Plan Your Backyard Bird Habitat

Get help and tips at the Bloomington Gardening & Landscaping Show, March 31
By Ann Hingas

From the Hoosier Times 3/11/0`


With the first day of Spring only 10 days away, many bird lovers will be trying to turn their backyards into choice habitat for birds and other wildlife.

"By cultivating habitat for birds, you contribute in a valuable way to reclaiming the natural world that has been radically changed by humans. Plan to mimic what you see in the wild. Since birds are a ‘natural pesticide’ dining on insects, caterpillars and mites, let's invite them to dine," says the Cornell Laboratory of Ornithology.
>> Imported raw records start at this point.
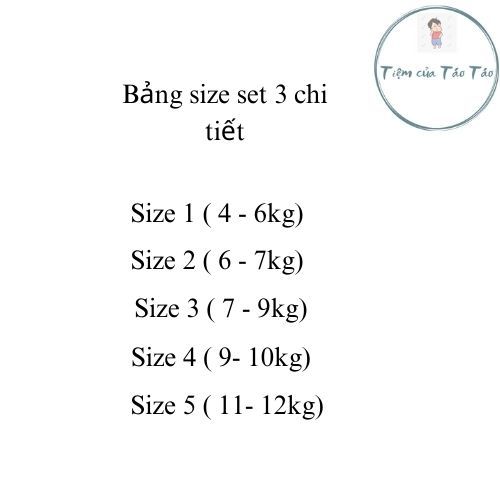 ( Hàng có Sẵn )Set Bộ 4 chi tiết cho bé hình ngộ nghĩnh vải cotton thoáng mát cho bé 4-12kg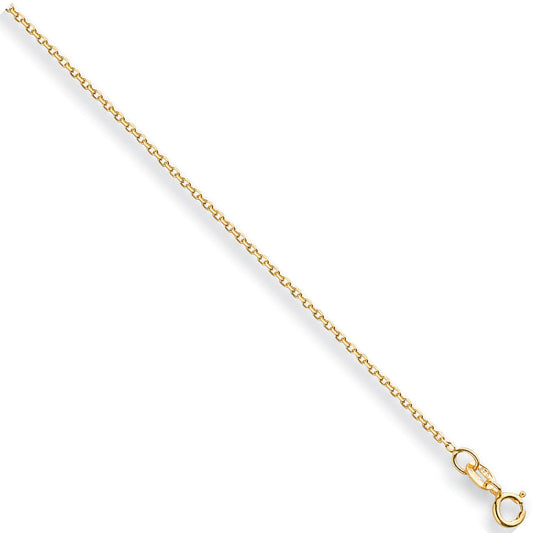Yellow Gold 1.2mm Diamond Cut Trace Chain - Fine Necklace - Certified Authentic - Swiss Made – Luxury Jewellery by Imp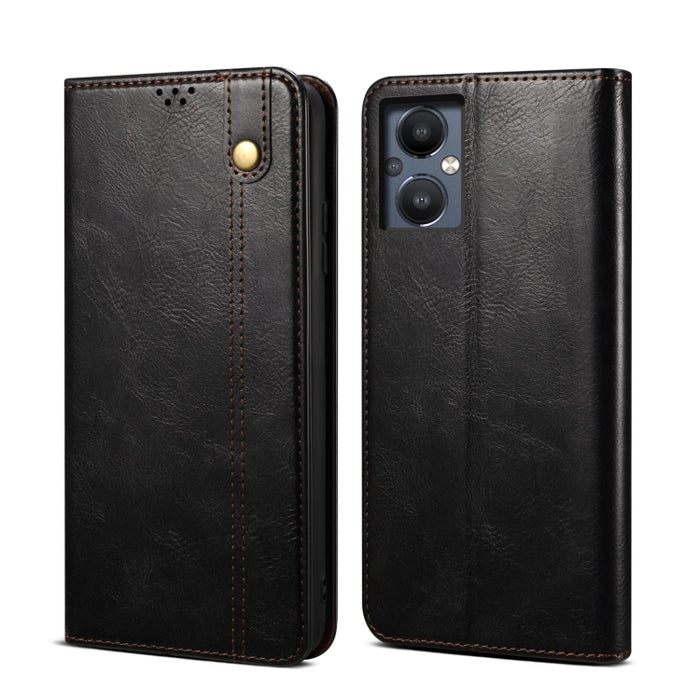 Caja de teléfono de cuero con textura de caballo loco de cera de aceite, For Motorola Moto E40 / E30 / E20, For OnePlus Nord N20 5G, For Google Pixel 6a, For Xiaomi Redmi Note 11 Pro 4G / 5G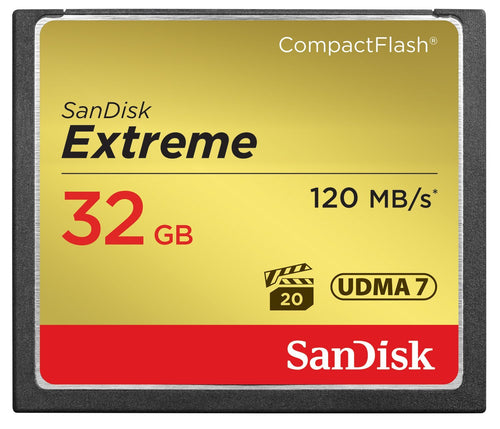 Sandisk 32GB Extreme CompactFlash CF Card 120MB/s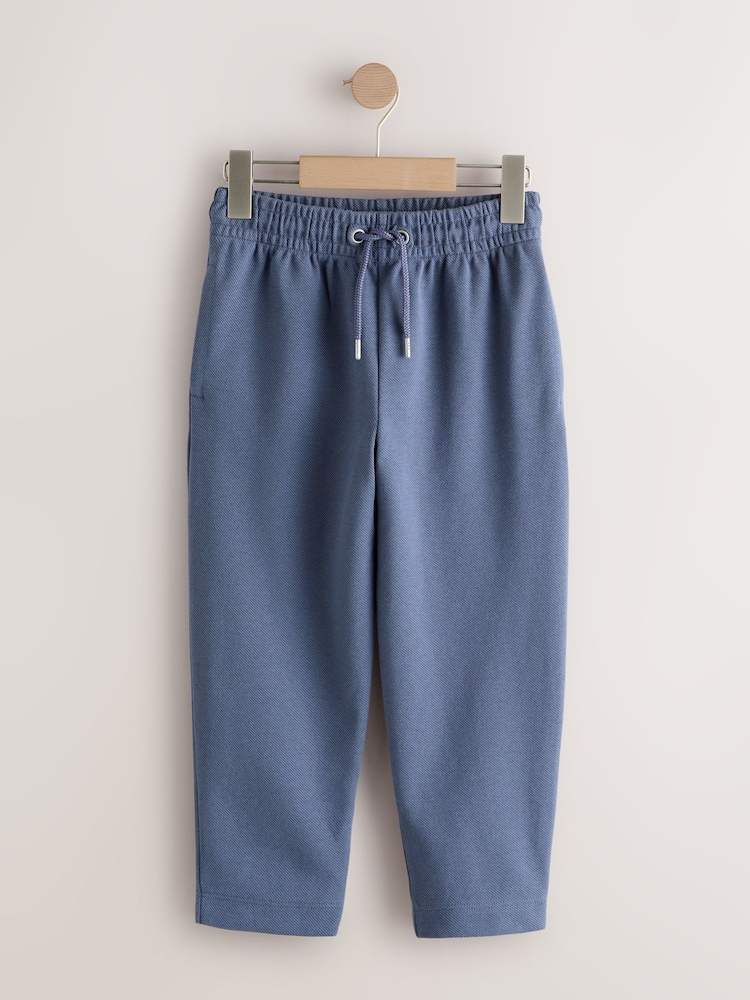 Albastru - Smart Textured Joggers (3-16yrs) - Imaginea 1 din 3 Albastru - Smart Textured Joggers (3-16yrs) - Imaginea 1 din 3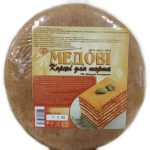 Коржі медові для торта ТМ Медуня Солодуня 400 г (4 коржі) Україна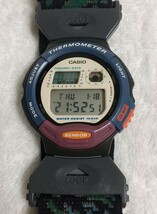 希少 CASIO カシオ TSX-1200 取説付オリジナルアームバンドビンテージ デジタル時計 サーモメーターVintage digital watch Thermometer_画像1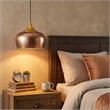 Pemberly Row Scandinavian Metal Chandelier in Gold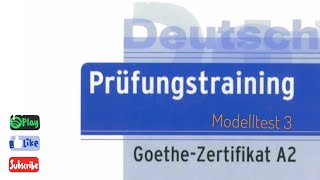 Prüfungstraining A2  Hören  Modelltest 3 [upl. by Ahsinoj988]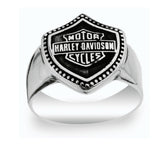 Sterling Silver Harley Davidson Ring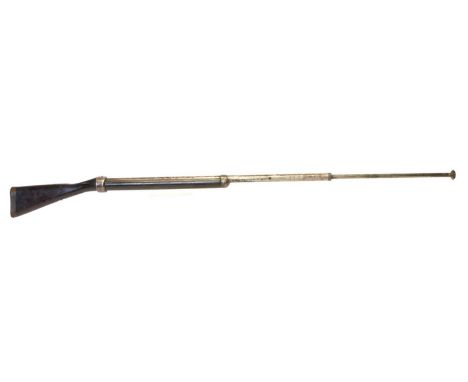 Webley and Scott fencing musket Webley and Scott Mk10 fencing musket, the stock stamped with broad arrow, X, 1915 and manufac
Here are some tips and guidelines from the lab:

*Shelter: Group shrubs to create dense thicket for shelter from the elements and predators. Leave nesting boxes up all year for use as winter roosts. Cover old stumps with a native food-producing vine. Create brush piles with discarded holiday trees and yard "waste" branches and limbs. Face nest boxes away from direct sun and wind.

*Food and Drink: Serve a buffet of grasses, weeds and flowers for seed; trees and shrubs for insects, fruits and nuts; flowers and vines for nectar. Keep the restaurant open year round and offer a variety of feeder seeds and suet. Provide fresh, clean, dripping water or mist for bathing and drinking. Use wide shallow bowls for bird baths (1/2 to 1 inch at edges, sloping to 2 to 3 inches in the middle). Place water 10 to 20 feet from protective covering for safe escapes, and not so close that a cat can pounce.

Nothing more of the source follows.